Wielka Brytania nie pomogła nam bo pomóc zwyczajnie nie mogła i było to oczywiste dla wszystkich z Hitlerem włącznie. Wielka Brytania jednak przystąpiła energicznie do wojny morskiej od pierwszych dni września. Te działania w niczym jednak nam pomóc nie mogły. Układ z Wielka Brytanią miał dla nas znaczenie tylko jako czynnik odstraszający Niemcy od wojny. Z Francją było inaczej. Francja nam nie ufała. Odsunięcie się od Francji i zbliżenie z Niemcami a potem nagła prozachodnia wolta powodowały obawę o możliwość kolejnego zwrotu.
My uznaliśmy potęgę Francji, która miała większą armię niż Niemcy lecz bardzo tej wojny nie chciała. Problemem była trauma po I wojnie światowej gdzie Francja poniosła olbrzymie straty w ludziach – 1,5 mln zabitych i trzy razy tyle rannych. Nasze obawy powinna wzbudzić zdecydowanie obronna doktryna francuska, której drastycznym przejawem było wydanie chorych pieniędzy na budowę schronów linii Maginota. Tu jednak bym usprawiedliwiał Becka. Sojusz z Francją mógł i powinien był zadziałać bo leżało to w interesie Francji. Francuzi jednak wojnę wypowiedzieli ale nie uderzyli.

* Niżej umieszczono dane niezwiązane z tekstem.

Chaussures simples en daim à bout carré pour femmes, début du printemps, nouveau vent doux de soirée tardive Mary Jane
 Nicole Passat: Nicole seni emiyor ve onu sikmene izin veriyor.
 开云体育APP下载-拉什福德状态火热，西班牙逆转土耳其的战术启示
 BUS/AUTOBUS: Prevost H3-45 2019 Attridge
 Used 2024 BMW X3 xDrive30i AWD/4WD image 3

Francuski głównodowodzący gen. Maurice Gamelin uznał, że nie warto, że trzeba skorzystać z czasu, który dała Polska. Odmiennego zdania był marszałek Alphonse Juin, który stwierdził: „Dlaczego nie zaatakowaliśmy natychmiast na naszym froncie, gdy wojska niemieckie rzuciły się na Polskę? Cóż za niewybaczalny błąd! Nakazywał to przede wszystkim honor […]. Pozwoliliśmy zdruzgotać Polskę związaną z nami paktem sojuszniczym. […] Cóż za hańba! […] Z punktu widzenia strategii popełniliśmy błąd poważny i ciężki. Nie było ryzyka. Wszystkie niemieckie dywizje pancerne, z wyjątkiem jednej, były zajęte w Polsce. Niemcy nie mieli żadnych sił przeciw nam. Był to moment do rzucenia wojsk do ofensywy, złamania ich Linii Zygfryda, która była tylko blefem”.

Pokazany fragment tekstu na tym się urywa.